Task details ->
Each line from the one holding "UNDERARMOR　ブラトップ　S-M" to the last line below must be restated word for word, and no picture may be included.

Dataset extract ->
____________

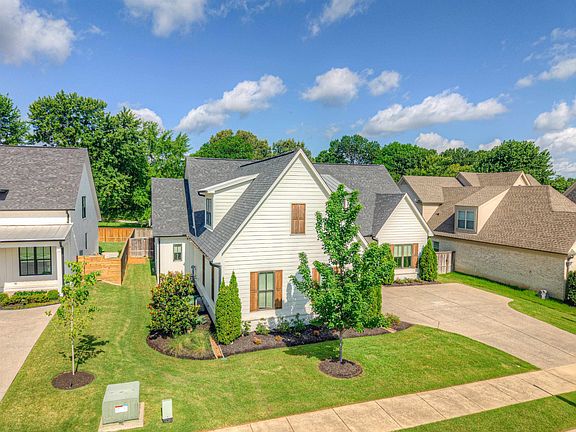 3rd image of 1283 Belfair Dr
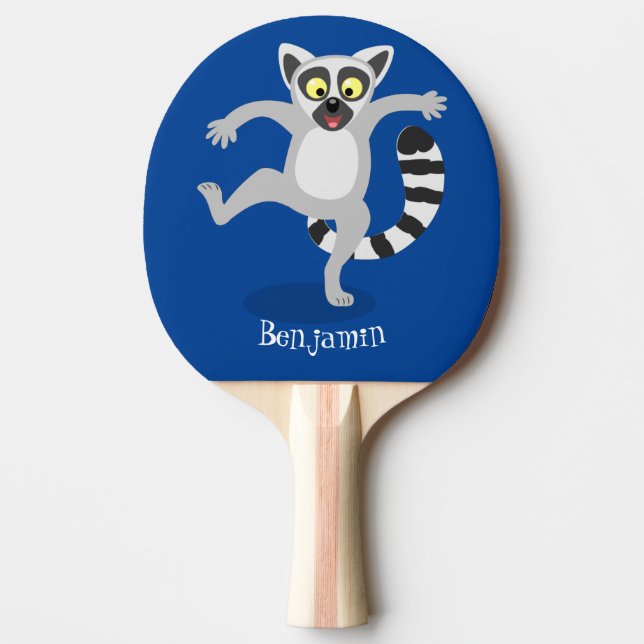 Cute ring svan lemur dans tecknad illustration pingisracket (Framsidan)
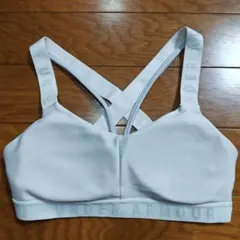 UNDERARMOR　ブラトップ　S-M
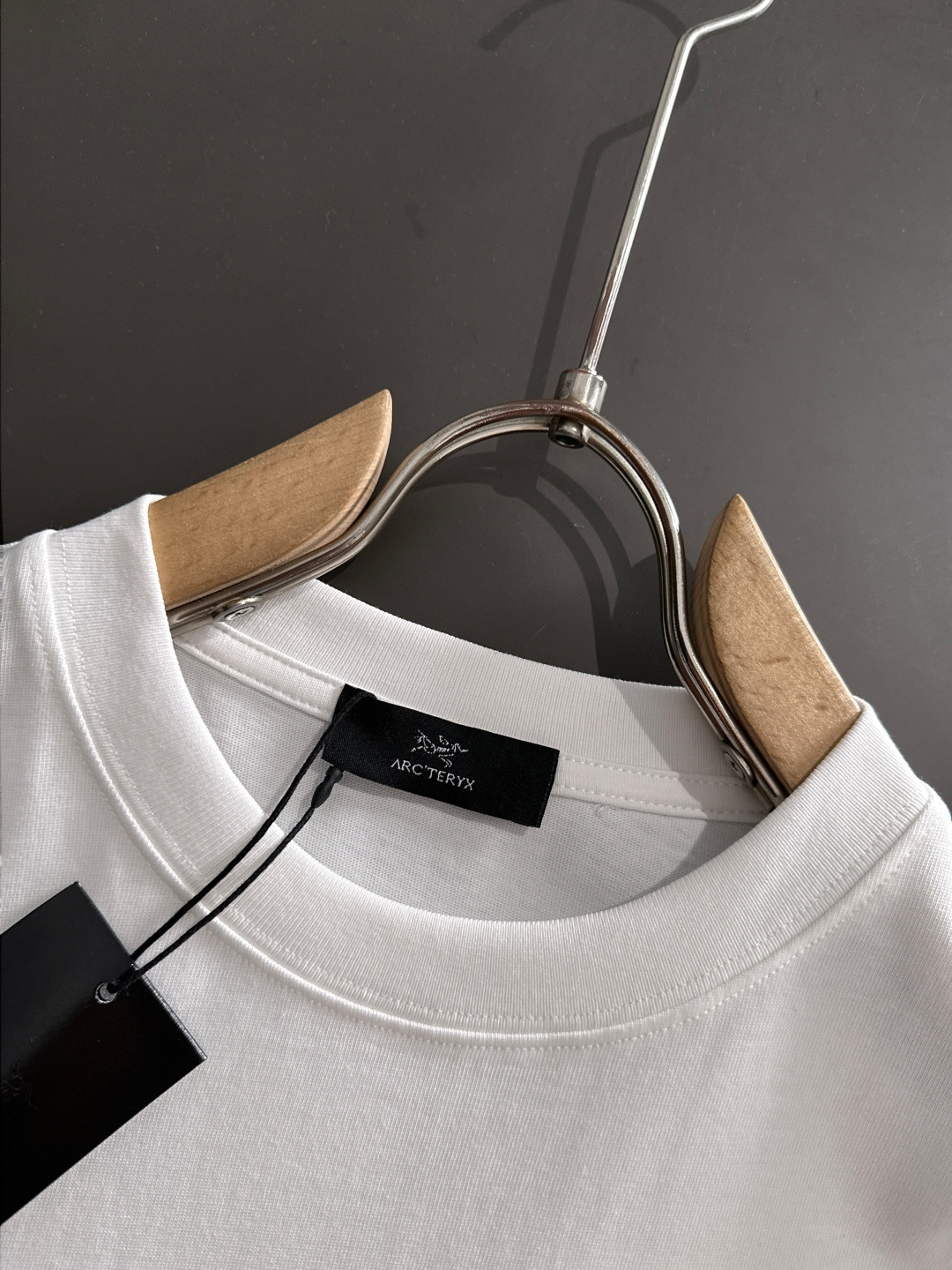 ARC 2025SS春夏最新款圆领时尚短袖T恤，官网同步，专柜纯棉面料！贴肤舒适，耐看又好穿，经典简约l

____________

Response to this exercise ->
 UNDERARMOR　ブラトップ　S-M
 ARC 2025SS春夏最新款圆领时尚短袖T恤，官网同步，专柜纯棉面料！贴肤舒适，耐看又好穿，经典简约l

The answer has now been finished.